The downside to doing this is that tasks on older branches with less traffic will have more cache misses, resulting in longer runtimes which could impact our ability to ship expediently. To mitigate this, consider backporting the image bump that caused the Mercurial upgrade to beta, release and esr branches.
Workers are spinning up slowly#
First, see Troubleshooting Workers.
Second, as of 2022.01.26, we have had a number of issues with worker-manager. There is a single process that goes through worker pool by worker pool to spin workers up and down on demand. The Azure workers, in particular, take a long time to spin up and down, and these processes block spinning other pools up or down. There’s not much we can do here except adjust our idle times, which isn’t the ideal solution. Otherwise we wait for the Taskcluster team to fix the issues:
Bug 1735411 - windows 2004 test worker backlog (gecko-t/win10-64-2004)

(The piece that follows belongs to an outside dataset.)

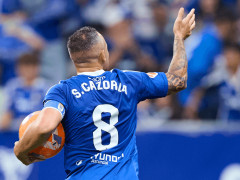 周二西甲：皇家奥维耶多VS奥萨苏纳预测分析 皇家奥维耶多遭遇四连不胜，奥萨苏纳能否客场取胜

Bug 1741946 - Investigate the best way to go about the Windows 10 Azure worker delays
RFC issue UI to visualize and reprioritize scheduled+pending tasks
RFC issue Revisit worker idle time shutdown
(marked as dup) Investigate running multiple worker-managers
worker-manager: Azure workers register when state != REQUESTED
Combine worker-manager provisioner and worker scanner in to a single processes
Provide worker counts and capacity by state for worker pools
Measure and improve performance of the worker query in provisioning loop
Workers Not Spawning After Image Bustage#
If there’s a problem in a worker image, worker-manager may not spawn any new workers even after the issue is fixed. This happens because the workers with the problematic image are still running, even though they are unable to claim tasks. However, worker-manager doesn’t know this, so won’t spawn any new workers until the broken ones expire or are terminated.
These problematic workers won’t show up in the Taskcluster Web UI, as the queue service is unaware of workers until they claim a task.
Backlogs will persist even after fixing a worker image. This will be most noticeable on pools with a low max capacity (like Decision pools), as they are more likely to get entirely filled with broken workers (in which cases no further tasks would run).
Run this script in braindump to automatically scan for and terminate these broken workers: https://hg.mozilla.org/build/braindump/file/tip/taskcluster/terminate_broken_workers.py
push(MSIX) fails: “push to Store aborted: pending submission found”#
pushmsixscript pushes Firefox to the Microsoft Store. The Store rejects any new submission if there is a pending submission (one which has been uploaded but not yet released). Release Management has asked that pushmsixscript not delete pending submissions, in case that pending submission was created manually.
The push(MSIX) task fails with Exception status. The task log shows “push to Store aborted: pending submission found” and “ERROR - There is a pending submission for this application on the Microsoft Store. Wait for the pending submission to complete, or delete the pending submission. Then retry this task.”
Delete the pending submission from the Store manually; Release Management has access. Once the pending submission has been deleted, re-run the failed push(MSIX) task.